Borchgrevinck was repeatedly sent on foreign travel in the music service to Danzig and London to buy instruments and to Venice in particular to learn from Giovanni Gabrieli. He was the leader of a group which was composed of singers Wilhelm Egbertsen (1596–1599) and Truid Aagesen (1596–1621) and instrumentalists Hans Nielsen (1599–1624) and Mogens Pedersøn (about 1585–1623).

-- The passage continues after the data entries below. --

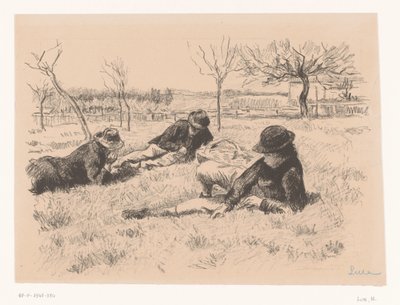 Drei Männer ruhen sich auf einer Wiese aus von Maximilien Luce (signed by artist)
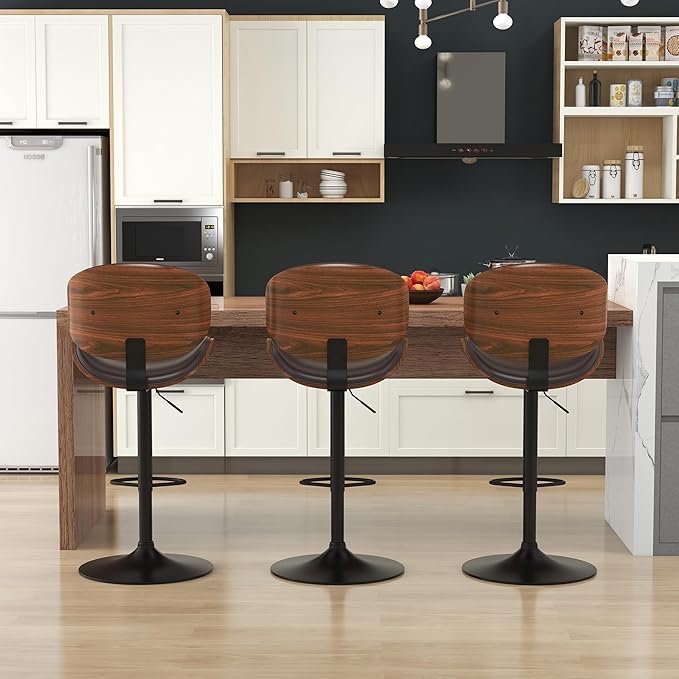KCC Bar Stools Set of 6, Swivel Adjustable Height Barstools, PU Leather Upholstered Bar Chairs with Footrest, Bentwood Bar Stool for Kitchen, Bar, Dining Room(Brown PU)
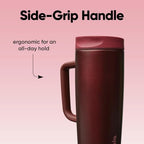 Owala SmoothSip Slider Stainless Steel Insulated Travel Mug with Handle, 100% Leak Proof, For Hot and Cold Drinks, Travel Friendly with Sliding Lock Lid, BPA Free, 24 oz, Black Cherry - Image 6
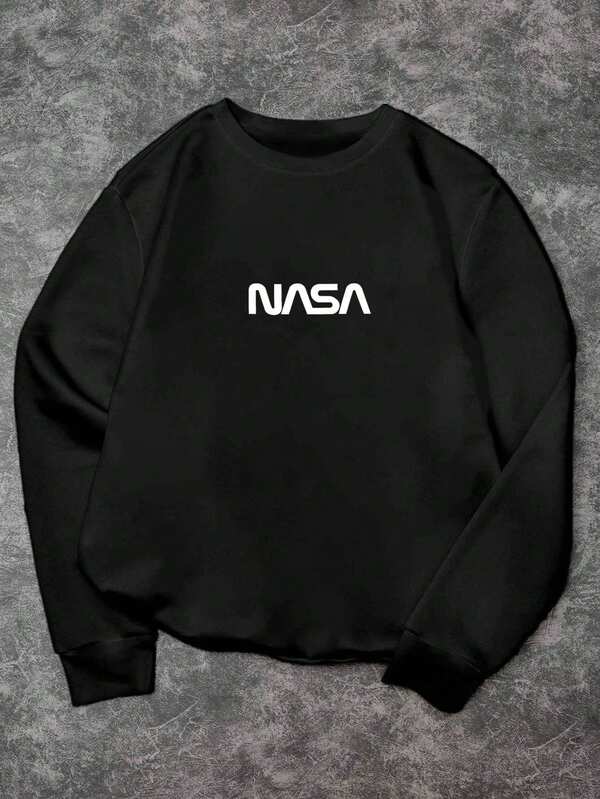 Suéter Gola Alta Estampa Lettering Com Ribana Oversized Casual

Over the years his salary increased several times and in 1601 he became canon of Roskilde. Canonry, at that time, was a sort of lifetime wage or pension and related housing that was awarded to the King's officers instead of or in addition to actual wages. From 1611 he was the de facto leader of music and from 1618 he held the title of court Kapellmeister. In 1627, because of the high cost of warfare the king had to reduce government spending and he fired Borchgrevinck at which time he moved to Roskilde and lived there. He was reinstated in March 1631 but died in 1632. His great-grandson Leonard Christian Borchgrevinck founded the Norwegian branch of the family whose descendants can still be found in Norway as well as the United States.

==Music==
As is typical for composers from this period in the History of Denmark very little of his music survived to this day. Borchgrevinck published a madrigal collection in 2 volumes: "Giardino di nuovo bellissimo varii fiori musicali scieltissimi" (Copenhagen 1605–06). Most numbers are by other composers, but a few are by him. The following year he published: "IX Psalms of David, with four votes rimvis exposed" (Copenhagen 1607). This work is probably lost. A dance for 5 Instruments was published in the Paduanen and Galliarden Collection, volume 1 (Hamburg 1607).

==Other Musicians with Christian IV==
William Brade (1594–1596, 1599–1606 and 1620–1622), John Dowland (1598–1606), Jan Tollius (1601–1603), Vincentius Bertholusius (1607–1608) and later Heinrich Schütz (1633–35 and 1642–1644).